Any thoughts on what happened to the drive that will not let windows recognize it anymore?

Jun 11, 2010 7:24 PM in response to YardTime

You need to have you disk formatted as as Mac Os Journaled which can be done with the Disk Utility, just make sure to backup what you have on the USB drive first. Here is a good tutorial. http://mac101.net/content/how-to/time-machine-101-backup-to-a-network-drive/

Everything should work fine, and if you are just storing files from Windows you won't have any issues.

Does anyone know how to set up an automatic Backup from Windows 7 to the USB HDD, manually backing up is about as good as not backing up in my book.

Aug 7, 2010 6:21 PM in response to YardTime

I would rather not reformat my drive to FAT32. I can't believe Apple didn't make the Airport Extreme compatible with an NTFS file storage format. Is there an update that involves setting up an external HD over a network while keeping the file format as NTFS? I have a 1TB HD that I have family pictures and video on and would hate to lose the files through a backup.
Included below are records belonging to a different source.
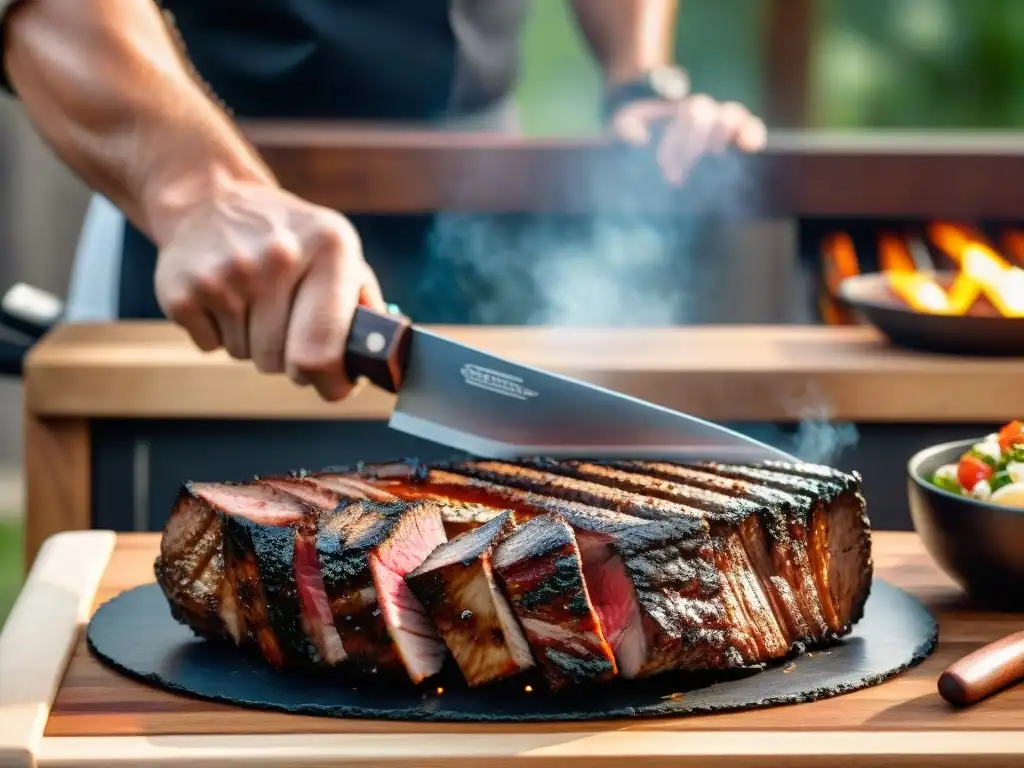 Un chef afila con precisión un cuchillo de barbacoa en una piedra de afilar, resaltando la importancia de mantener cuchillos para asado recomendados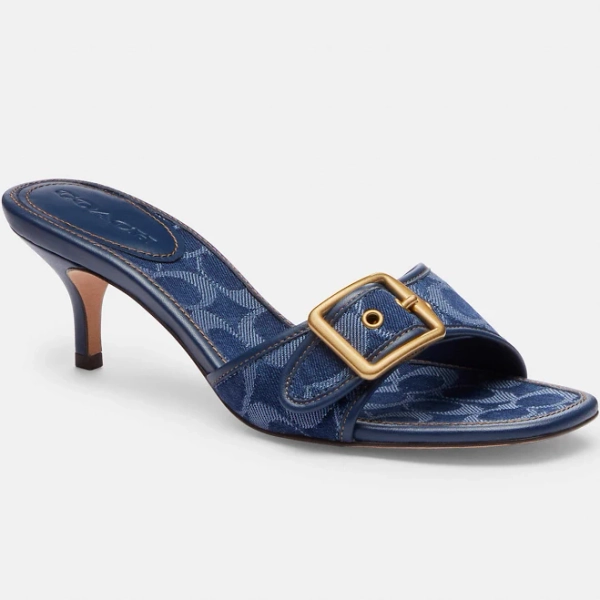 Coach Women's Margot Signature C Kitten-Heel Slide Sandals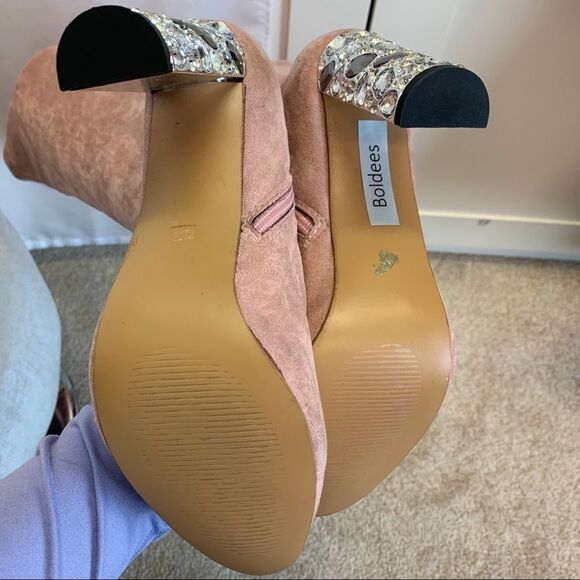 Faux Suede Over Knee Boots Rhinestone Block High Heel Stretch Thigh Boot pink 🔥 - Picture 8 of 10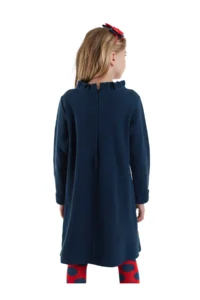 Denokids Gelincik Girls' Navy Blue Dress - Image 2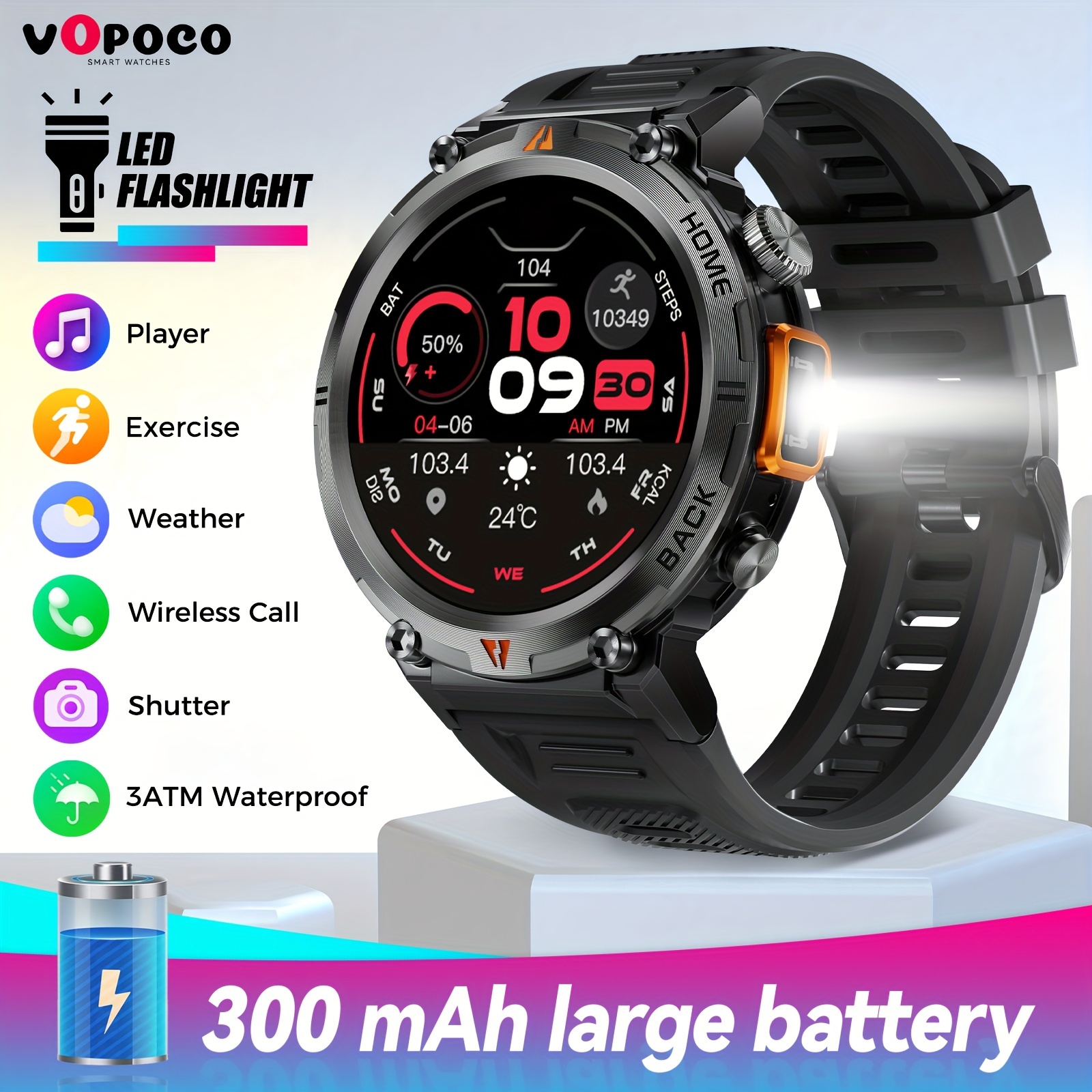 

Vopoco Multi-sport Smart Watch For Men & Women, Android & Ios Compatible, Waterproof, Led Flashlight, Wireless Call & Message Notifications, 300mah Long Battery Life, Ideal Father's Day Gift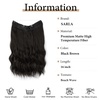 image:imageSARLA Invisible Wire Hair Extension with 3 Clips Synthetic Short Beach Wave Hairpiece Transparent Adjustable Headband for Women 16 Inch Dirty BlondeBlack Brown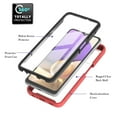 thumbnail image 3 of Dteck Samsung Galaxy A32 5G Case with Built-in Screen Protector, 2 in 1 Rugged Shockproof Case Full Body Protection Transparent Clear PC Back Cover Support Wireless Charging, Red, 3 of 7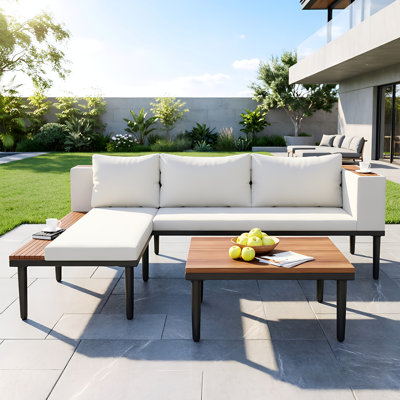 89.5" L-Shaped Patio Sectional Sofa with Chaise and Coffee Table, Removable Cushions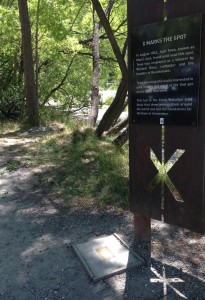 This "X Marks The Spot" sign  prompted The Idiot to  pan for gold without a permit.
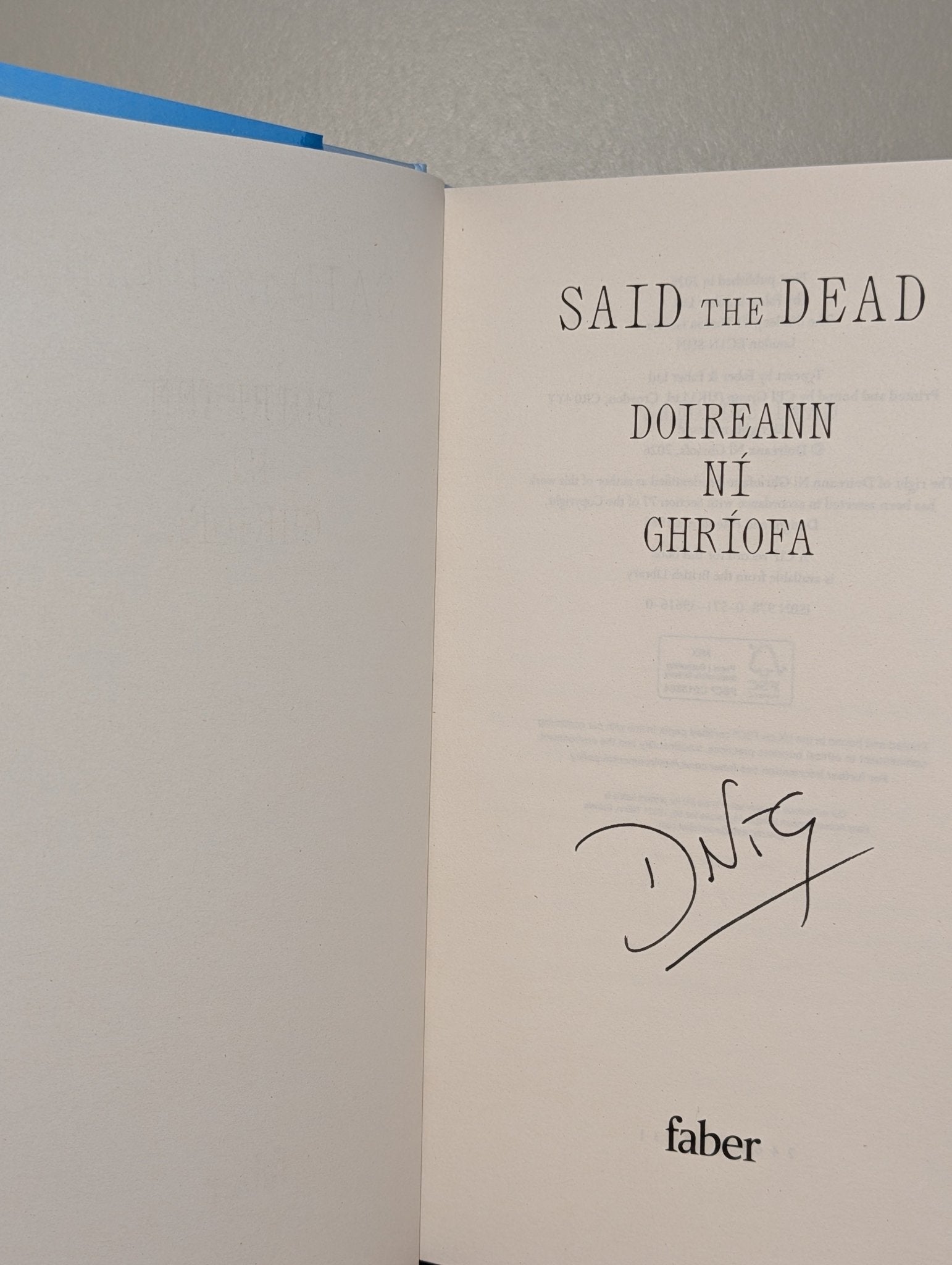 Said the Dead by Doireann Ni Ghriofa (Signed First Edition) - Fialta Books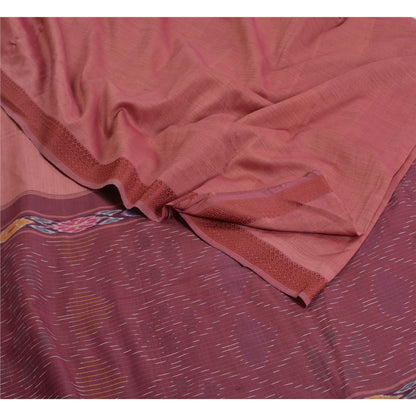 Sanskriti Vintage Saree Mauve Sambhalpuri HandWoven Ikat Pure Cotton Sari Sustainable Fabric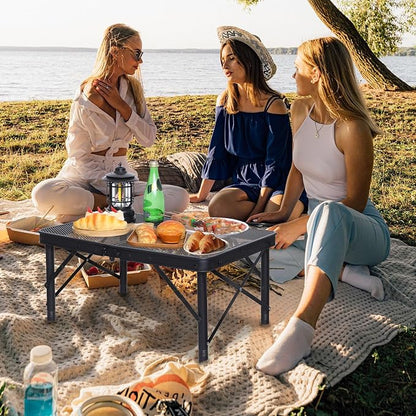 REDCAMP 2 Feet Small Folding Grill Table for Outside, 3 Heights Adjustable Portable Metal Outdoor Picnic Table for Camping Travel Cooking BBQ, Black, 24" Lx 16" Wx 27.5" H
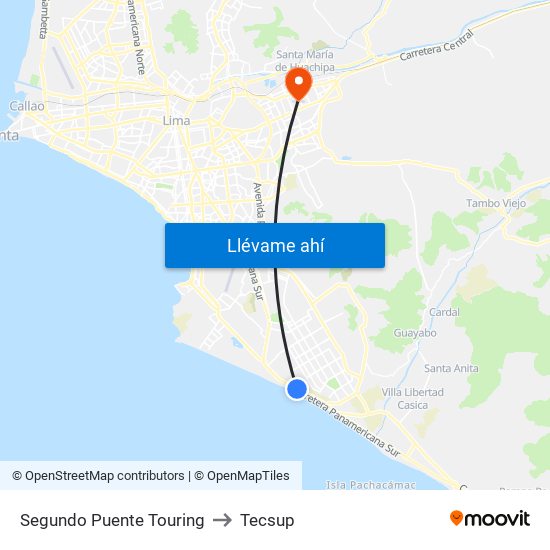 Segundo Puente Touring to Tecsup map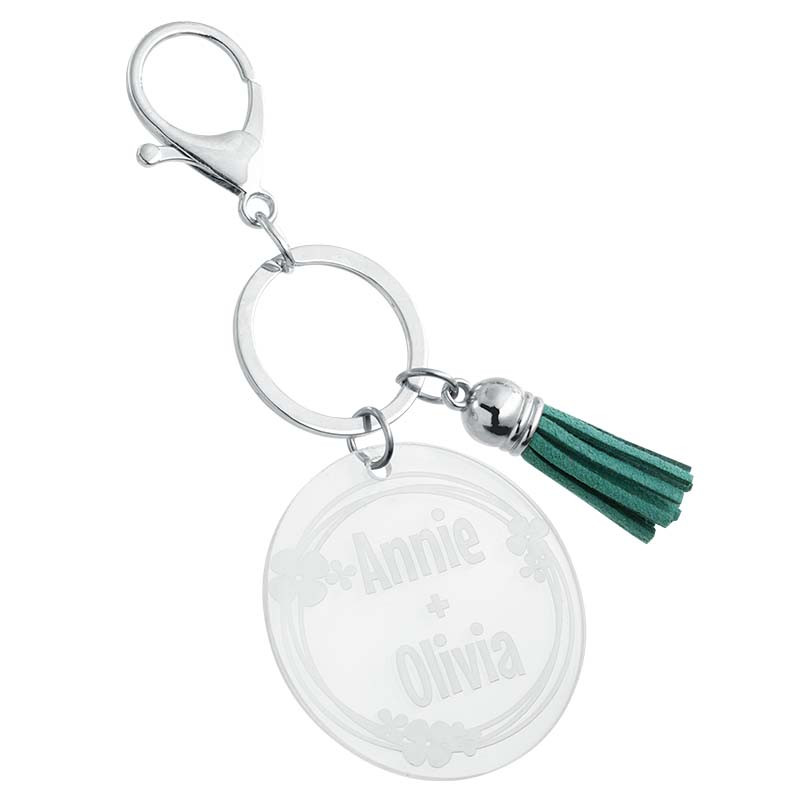 Personalised Acrylic Keyring with Tassel - Ornamental Design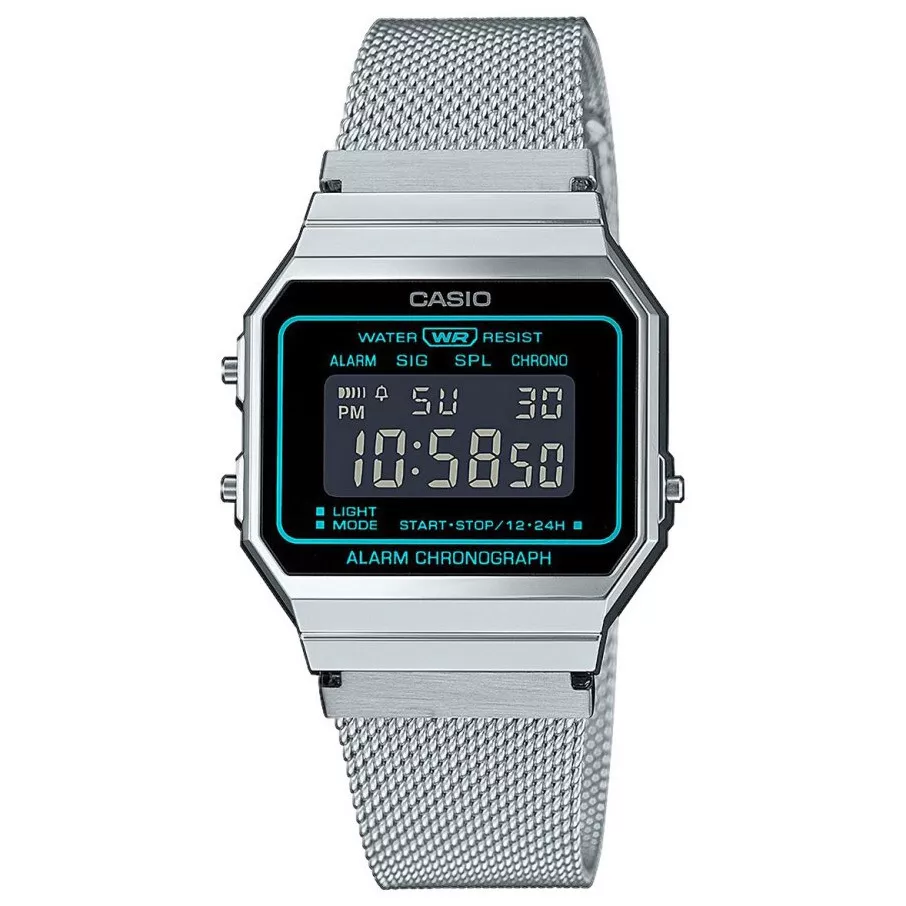 Casio A700WEMS-1BEF Horloge Retro digitaal zilverkleurig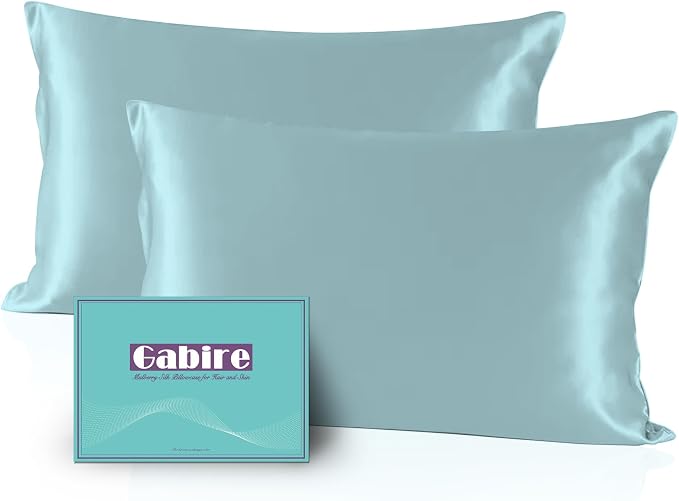 Gabire Mulberry Silk Pillow Cases Set of 2, Both Sides Real Silk Pillow Cover by MulberrySilkPillowcases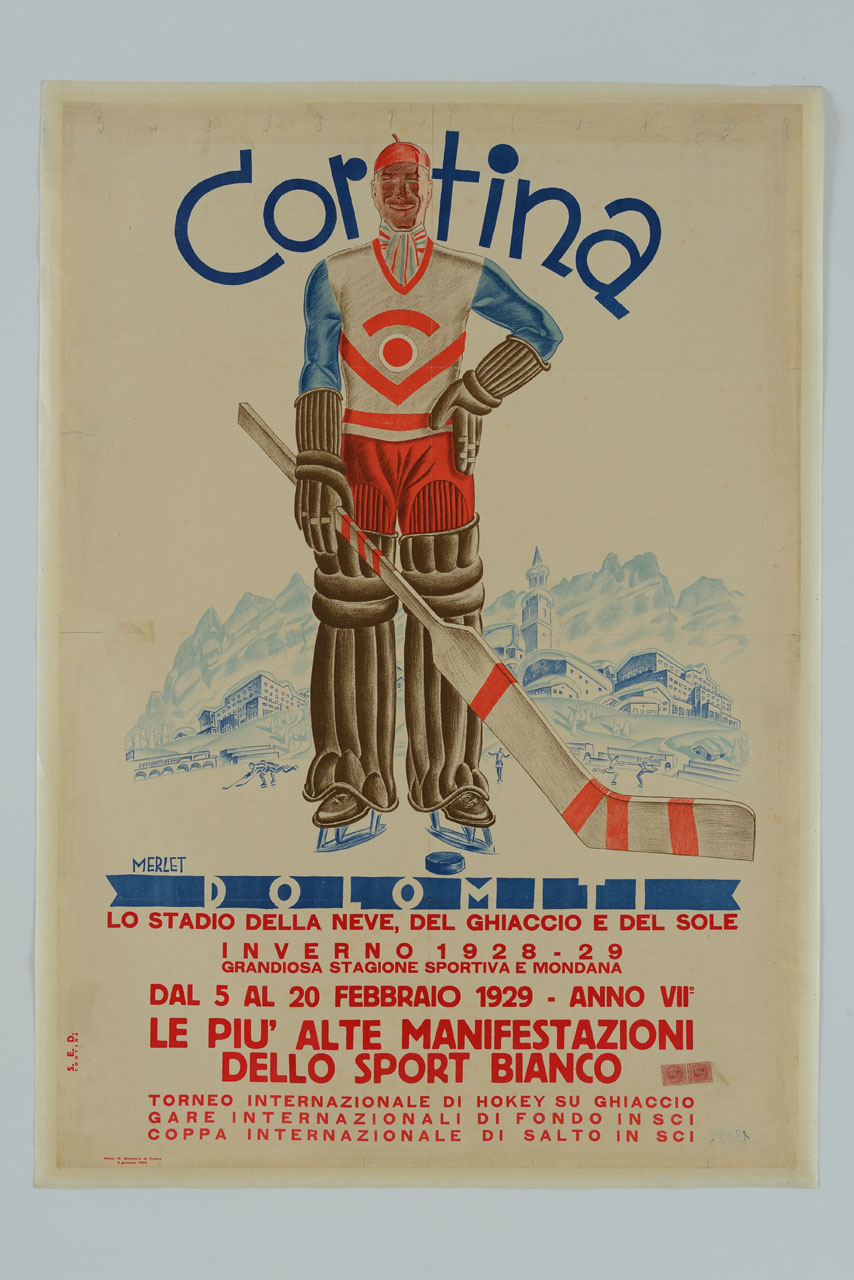 portiere di una squadra di hockey sul ghiaccio su un campo da gioco ai piedi di Cortina d'Ampezzo (manifesto) di Merlet Alexander Erwin (sec. XX)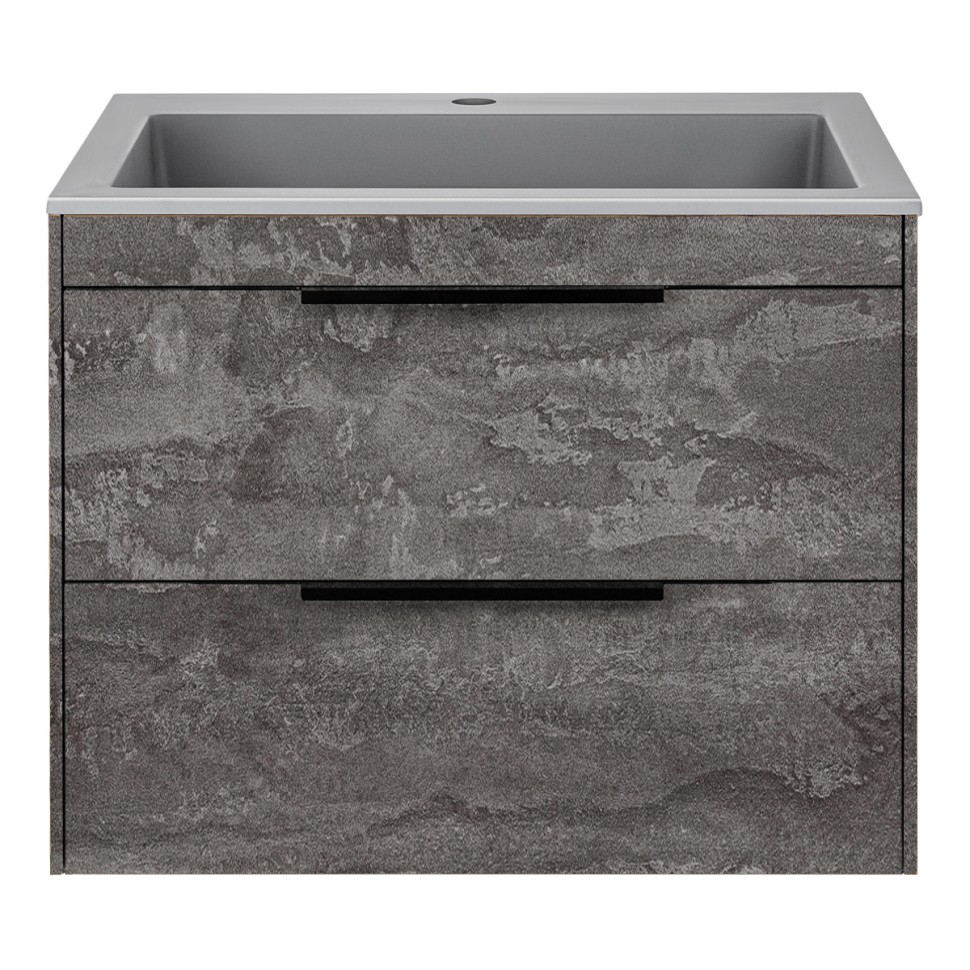 База под раковину Chiara 2D 600 подвесная, 2 выкатных ящика soft-close, G.Stone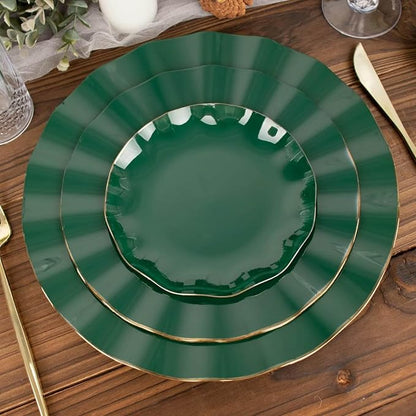 Efavormart 10 Pack | Hunter Emerald Green 6" Round Plastic Dessert Salad Plates by efavormart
Can Apple please come out with an update for the router that involves external HD compatibility on a Windows 7 system as NTFS?

Oct 5, 2010 11:21 PM in response to YardTime

I am having the same problem as well as many hundreds of AirPort Extreme users as you can see in many other forums in the web. I can see the USB drives connected to AirPort Extreme in my Windows 7 system. But once I access them the connection either fails or the transmission of files stops after a short while.
This problem is very well known over a year now and is related to all releases of AirPort Extreme >7.3.2. It can be reproduces at any time and really many users complain about it. It works very well will all kind of MacOS clients but it causes problem for Win 7 clients. So the latest FW 7.4.2 (for older APEs) is still buggy related to the USB-HDD access from Win 7 clients. Only a downgrade to 7.3.2 will solve this issue and you can access the HDD and transfer files properly. Honestly it is a shame that there is neither comment from Apple support so far nor a new FW, patch of release for the older APEs. After over a year of knowledge I would expect a solution on that. I am disappointed.